Настольные недельного завода часы пробили три раза. Пробили тихо. Иван Александрович Павлий понял, что пружина ослабла — пора заводить снова. Это всегда делала жена. В воскресенье... Сегодня, кажется, суббота. А может, уже воскресенье? Может, за хлопотами он утратил ощущение времени? И, может, сейчас не день, а ночь? Ведь часы дважды в сутки бьют три раза. И днем и ночью одинаково.
Павлий протянул руку, коснулся ладонью подоконника. Он был теплый, даже горячий. Значит, светит солнце. Значит, день.
Почему же не звонят?.. Неужели сосед-холостяк, с которым у них спаренные телефоны, снова затеял с кем-то на целый день любезничанье?
Иван Александрович поднял трубку. Нет, линия свободна. Просто надо набраться терпения и ждать.
Подошел к трюмо. Представил собственное отражение в нем. И «увидел» себя таким, каким не видел никогда: лицо в шрамах, вместо глаз пустые впадины...
Три года назад стояла вот такая же теплая, сухая весна. На другой день после свадьбы они с Оксаной поехали в село к ее родителям.

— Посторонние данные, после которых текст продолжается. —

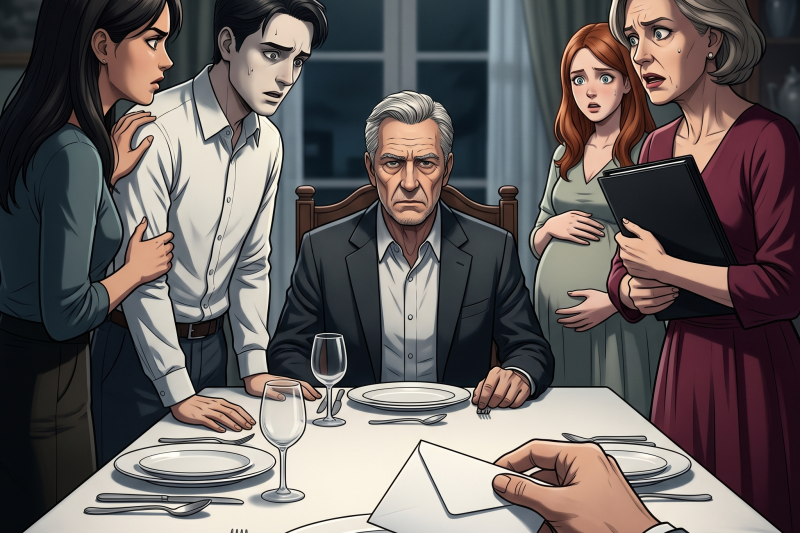 🔥 MI ESPOSO ME DESPERTÓ A GRITOS PORQUE ME NEGÉ A DARLE $150,000 A SU MAMÁ. ME EMPUJÓ CONTRA EL TOCADOR Y ME ORDENÓ SERVIRLE LA COMIDA PARA “APRENDER A RESPETAR”. A LAS 12:00 ABRÍ LA PUERTA CON LA MESA PUESTA. PERO ÉL NO SABÍA QUIÉNES SE SENTARÍAN FRENTE A SU MADRE… NI QUÉ HABÍA ESCONDIDO DEBAJO DE SU PLATO. 🔥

— Нравится у нас? — спрашивала Оксана.
— Я не видел ничего лучшего.
— Так любуйся! Будет что вспомнить.
И он любовался, с жадностью впитывал в себя все окружающее, будто предчувствовал, что это его последний зримый день. И звездный вечер.
Ночью разразилась гроза.
Иван проснулся от грохота грома. Оксана спала рядом. На ее лице пламенели отблески молнии. Иван подошел к окну. Неподалеку, за огородами, горела хата.
Он быстро оделся, выскочил на улицу. Еще издали услышал отчаянный крик:
— Пустите! Пустите меня!.. Там же мой ребенок! Ребенок!..

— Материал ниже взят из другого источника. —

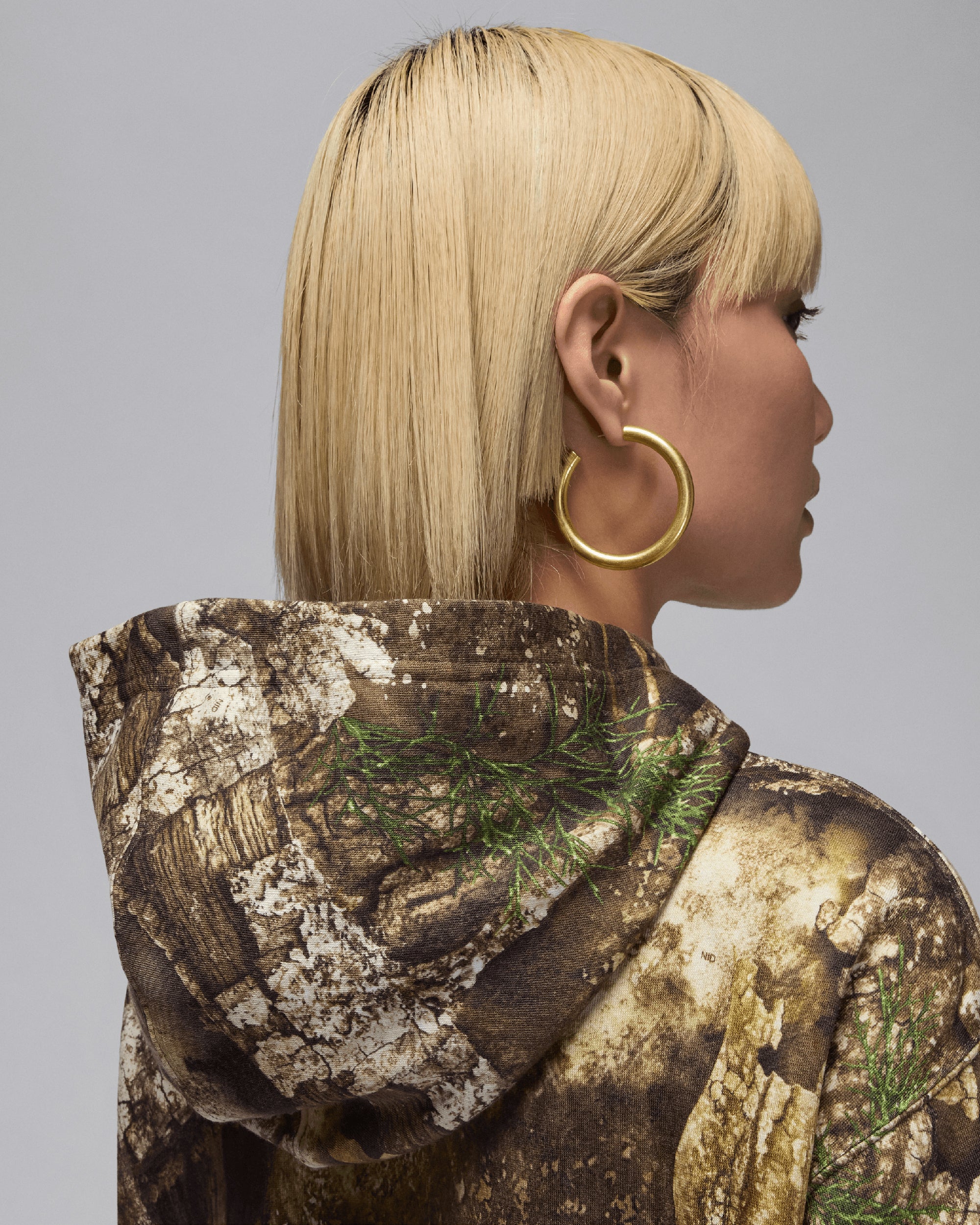 Jackets Coats Jordan Brooklyn Realtree Fleece Camo Print Leaves Crop Women's Light Jacket - HV0469-133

Крыша хаты вся была охвачена пламенем, но до стен огонь еще не добрался. Сквозь стекла окон было видно, как внутри хаты клубится рыжий дым.

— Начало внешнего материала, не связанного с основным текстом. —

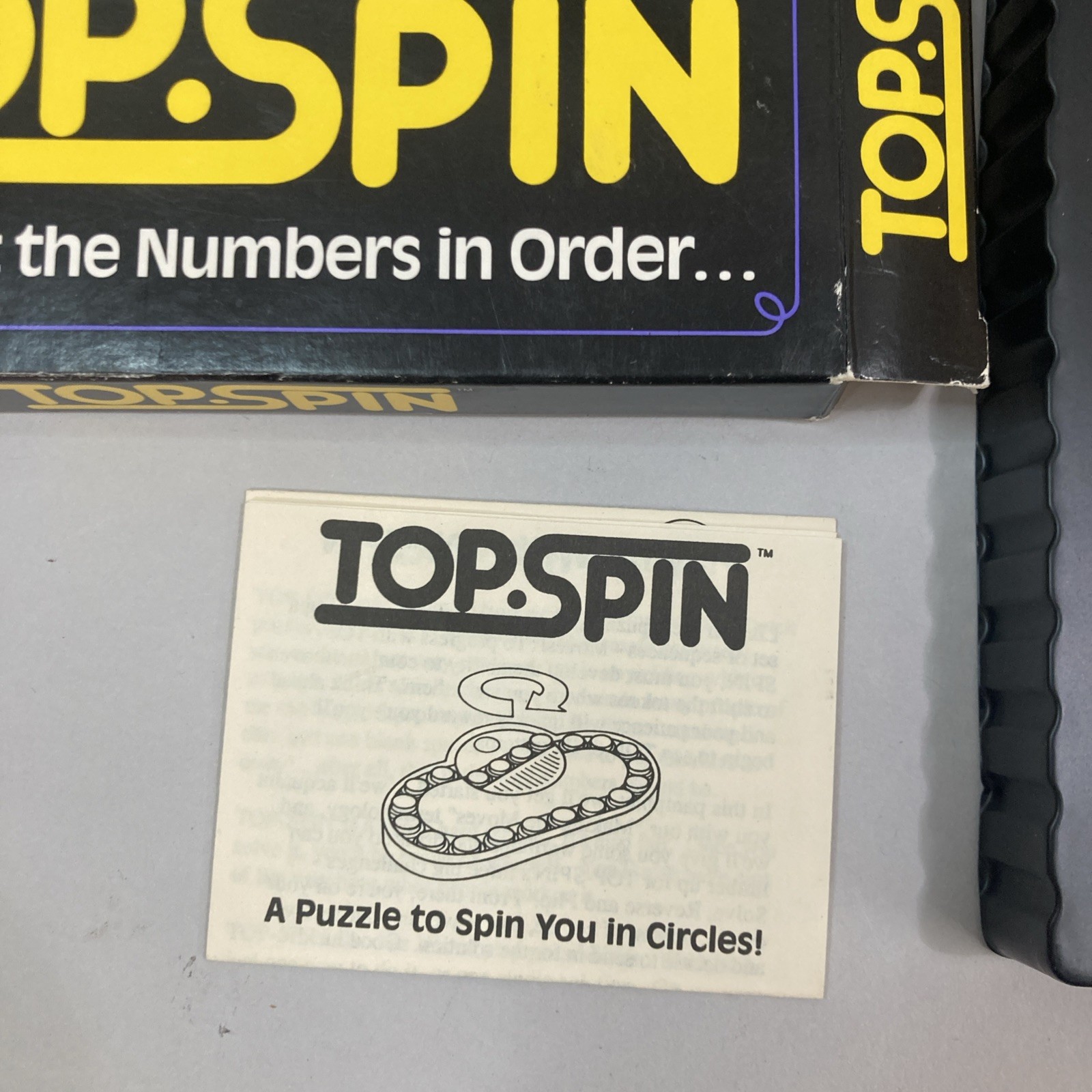 Top Spin – Just Put the Numbers in Order 1989 Binary Arts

Возле колодца люди держали за руки женщину, она зырывалась, надрывно кричала:
— Ну что вы делаете?! Вы же люди! Там же мой ребенок! Спасайте его!..
Иван разбил кулаком оконное стекло, вскочил в хату. Услышал в соседней комнате детский плач. Бросился туда. Из горящих уже пеленок выхватил ребенка, прижал левой рукой к груди, правой — закрыл его крохотное личико. Свое лицо защитить было нечем — не хватило рук.
Из хаты выбрался обгорелый и уже слепой.
— Я стану твоими глазами, — сказала в тот день Оксана.
Он боялся, что со временем привыкнет, сживется с непроницаемой тьмою, с вечной ночью и забудет, как с восходом солнца розовеет небо, как искрятся росы, забудет ночные огни города, растеряет в памяти лица друзей, знакомых, забудет детскую усмешку Оксаны, ее глаза — все, все забудет...
— Не забудешь, любимый. Никогда не забудешь, — уверяла жена. — Я буду твоими глазами!
И правда, с Оксаной он все «видел». Она не уставала смотреть за двоих, никогда не оставляла его одного с самим собой, была ему и поводырем, и учительницей. Ночами, когда прекращалось движение машин, учила его самостоятельно ходить по городу, а сама шла следом, остерегала, напоминала забытое.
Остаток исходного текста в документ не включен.